◆ **Your task**:
Using the data below, work out how many lines contain "Style", and report only that number.

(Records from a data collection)
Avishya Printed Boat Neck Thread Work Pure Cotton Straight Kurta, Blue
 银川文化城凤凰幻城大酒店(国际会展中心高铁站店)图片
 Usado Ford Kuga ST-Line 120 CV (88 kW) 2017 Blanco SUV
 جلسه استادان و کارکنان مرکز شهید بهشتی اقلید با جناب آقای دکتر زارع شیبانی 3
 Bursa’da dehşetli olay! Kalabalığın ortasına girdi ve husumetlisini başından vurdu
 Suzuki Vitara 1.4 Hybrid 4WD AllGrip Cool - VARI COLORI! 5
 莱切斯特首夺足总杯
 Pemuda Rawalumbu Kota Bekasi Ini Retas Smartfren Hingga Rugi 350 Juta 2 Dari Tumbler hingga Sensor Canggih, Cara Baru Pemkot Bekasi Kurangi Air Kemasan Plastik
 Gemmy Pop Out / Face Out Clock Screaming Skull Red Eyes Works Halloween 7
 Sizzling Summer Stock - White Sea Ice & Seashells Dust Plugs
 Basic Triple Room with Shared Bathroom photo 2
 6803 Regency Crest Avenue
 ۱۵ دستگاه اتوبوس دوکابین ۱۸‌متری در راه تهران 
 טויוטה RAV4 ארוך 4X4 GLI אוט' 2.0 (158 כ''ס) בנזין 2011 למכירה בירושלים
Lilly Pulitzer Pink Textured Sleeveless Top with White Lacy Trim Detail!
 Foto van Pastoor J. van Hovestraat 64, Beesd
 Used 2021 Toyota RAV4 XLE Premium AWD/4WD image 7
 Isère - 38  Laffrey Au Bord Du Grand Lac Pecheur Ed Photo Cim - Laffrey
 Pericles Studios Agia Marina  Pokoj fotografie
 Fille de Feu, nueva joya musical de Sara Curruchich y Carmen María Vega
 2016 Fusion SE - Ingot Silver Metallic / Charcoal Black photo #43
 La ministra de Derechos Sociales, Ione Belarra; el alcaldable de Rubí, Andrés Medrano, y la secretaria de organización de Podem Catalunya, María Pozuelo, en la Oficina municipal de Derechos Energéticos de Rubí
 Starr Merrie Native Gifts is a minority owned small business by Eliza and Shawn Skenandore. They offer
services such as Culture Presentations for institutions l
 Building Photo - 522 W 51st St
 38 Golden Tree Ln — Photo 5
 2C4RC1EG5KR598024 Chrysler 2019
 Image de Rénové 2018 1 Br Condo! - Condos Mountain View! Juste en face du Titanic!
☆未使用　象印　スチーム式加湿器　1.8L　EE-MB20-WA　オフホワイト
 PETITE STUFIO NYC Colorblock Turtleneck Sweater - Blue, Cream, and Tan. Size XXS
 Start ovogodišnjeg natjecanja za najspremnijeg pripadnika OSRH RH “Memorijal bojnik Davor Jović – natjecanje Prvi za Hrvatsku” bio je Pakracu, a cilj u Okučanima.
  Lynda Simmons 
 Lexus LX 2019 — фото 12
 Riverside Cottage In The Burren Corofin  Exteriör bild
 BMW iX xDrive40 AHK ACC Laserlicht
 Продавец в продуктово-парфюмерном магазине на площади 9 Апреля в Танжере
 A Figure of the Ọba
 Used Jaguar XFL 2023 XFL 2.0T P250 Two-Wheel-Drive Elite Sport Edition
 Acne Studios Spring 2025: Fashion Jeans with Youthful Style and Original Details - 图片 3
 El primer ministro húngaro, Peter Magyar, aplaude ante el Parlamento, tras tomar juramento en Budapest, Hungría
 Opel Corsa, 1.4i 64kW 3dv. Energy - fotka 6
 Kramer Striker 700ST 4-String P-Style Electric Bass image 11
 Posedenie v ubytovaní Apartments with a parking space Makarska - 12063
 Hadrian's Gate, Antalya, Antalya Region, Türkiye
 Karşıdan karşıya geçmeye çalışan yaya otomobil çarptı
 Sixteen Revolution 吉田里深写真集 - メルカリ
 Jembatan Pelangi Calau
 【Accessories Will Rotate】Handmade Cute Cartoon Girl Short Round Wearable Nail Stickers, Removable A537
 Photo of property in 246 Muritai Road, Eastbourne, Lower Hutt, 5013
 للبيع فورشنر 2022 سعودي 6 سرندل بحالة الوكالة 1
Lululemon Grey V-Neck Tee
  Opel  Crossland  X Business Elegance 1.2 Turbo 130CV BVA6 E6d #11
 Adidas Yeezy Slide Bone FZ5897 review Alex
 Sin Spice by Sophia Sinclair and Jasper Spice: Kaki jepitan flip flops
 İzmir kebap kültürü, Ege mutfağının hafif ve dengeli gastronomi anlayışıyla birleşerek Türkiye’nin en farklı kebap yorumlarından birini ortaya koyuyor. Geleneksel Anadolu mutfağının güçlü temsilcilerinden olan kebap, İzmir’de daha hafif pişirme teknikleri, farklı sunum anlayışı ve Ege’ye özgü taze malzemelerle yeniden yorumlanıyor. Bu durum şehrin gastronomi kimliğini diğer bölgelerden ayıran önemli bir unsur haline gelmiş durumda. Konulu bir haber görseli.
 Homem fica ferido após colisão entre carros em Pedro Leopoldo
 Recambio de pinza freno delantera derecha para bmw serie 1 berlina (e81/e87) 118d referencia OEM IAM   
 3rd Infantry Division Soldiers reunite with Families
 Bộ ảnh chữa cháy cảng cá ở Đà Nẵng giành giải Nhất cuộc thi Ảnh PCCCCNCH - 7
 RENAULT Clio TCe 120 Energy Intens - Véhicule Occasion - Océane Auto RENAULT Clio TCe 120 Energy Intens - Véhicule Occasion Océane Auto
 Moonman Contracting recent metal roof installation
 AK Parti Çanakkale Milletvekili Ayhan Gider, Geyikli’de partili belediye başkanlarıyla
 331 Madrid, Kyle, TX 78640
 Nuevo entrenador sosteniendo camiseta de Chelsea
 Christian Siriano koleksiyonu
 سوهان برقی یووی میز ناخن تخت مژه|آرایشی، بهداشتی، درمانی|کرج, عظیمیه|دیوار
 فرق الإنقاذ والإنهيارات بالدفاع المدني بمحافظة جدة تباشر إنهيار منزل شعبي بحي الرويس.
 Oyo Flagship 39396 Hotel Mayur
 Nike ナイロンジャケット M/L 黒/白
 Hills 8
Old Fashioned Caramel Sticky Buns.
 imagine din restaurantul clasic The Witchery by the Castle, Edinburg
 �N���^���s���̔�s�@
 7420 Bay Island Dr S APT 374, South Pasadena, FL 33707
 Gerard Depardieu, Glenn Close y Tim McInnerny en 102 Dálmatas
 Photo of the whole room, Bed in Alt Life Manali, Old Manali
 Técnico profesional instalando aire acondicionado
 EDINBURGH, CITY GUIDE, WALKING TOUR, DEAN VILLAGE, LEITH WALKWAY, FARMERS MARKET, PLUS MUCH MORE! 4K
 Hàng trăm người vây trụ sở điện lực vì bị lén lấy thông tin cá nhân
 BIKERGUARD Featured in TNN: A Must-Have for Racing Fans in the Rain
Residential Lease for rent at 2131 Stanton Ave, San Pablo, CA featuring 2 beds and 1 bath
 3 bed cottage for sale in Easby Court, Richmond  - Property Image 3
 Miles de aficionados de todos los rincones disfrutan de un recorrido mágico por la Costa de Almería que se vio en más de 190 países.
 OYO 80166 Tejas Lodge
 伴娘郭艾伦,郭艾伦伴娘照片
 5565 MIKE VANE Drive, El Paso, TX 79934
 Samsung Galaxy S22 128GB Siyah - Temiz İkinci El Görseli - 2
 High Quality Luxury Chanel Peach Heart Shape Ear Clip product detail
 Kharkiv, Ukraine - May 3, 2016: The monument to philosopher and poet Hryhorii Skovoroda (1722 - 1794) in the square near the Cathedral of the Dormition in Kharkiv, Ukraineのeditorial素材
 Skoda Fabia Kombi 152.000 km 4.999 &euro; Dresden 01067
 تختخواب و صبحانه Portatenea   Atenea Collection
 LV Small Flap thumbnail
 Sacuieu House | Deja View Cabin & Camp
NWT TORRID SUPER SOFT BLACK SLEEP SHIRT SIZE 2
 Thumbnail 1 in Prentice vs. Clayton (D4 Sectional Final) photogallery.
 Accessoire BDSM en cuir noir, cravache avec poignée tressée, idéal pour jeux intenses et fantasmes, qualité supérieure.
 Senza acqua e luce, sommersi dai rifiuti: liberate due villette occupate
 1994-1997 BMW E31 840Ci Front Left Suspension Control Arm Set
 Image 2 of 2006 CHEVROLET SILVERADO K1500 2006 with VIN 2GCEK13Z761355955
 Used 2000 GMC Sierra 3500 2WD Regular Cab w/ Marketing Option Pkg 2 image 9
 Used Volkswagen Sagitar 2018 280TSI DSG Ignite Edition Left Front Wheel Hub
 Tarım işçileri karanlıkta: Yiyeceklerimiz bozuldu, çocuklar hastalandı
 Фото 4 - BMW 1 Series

◆ **Answer section**:
2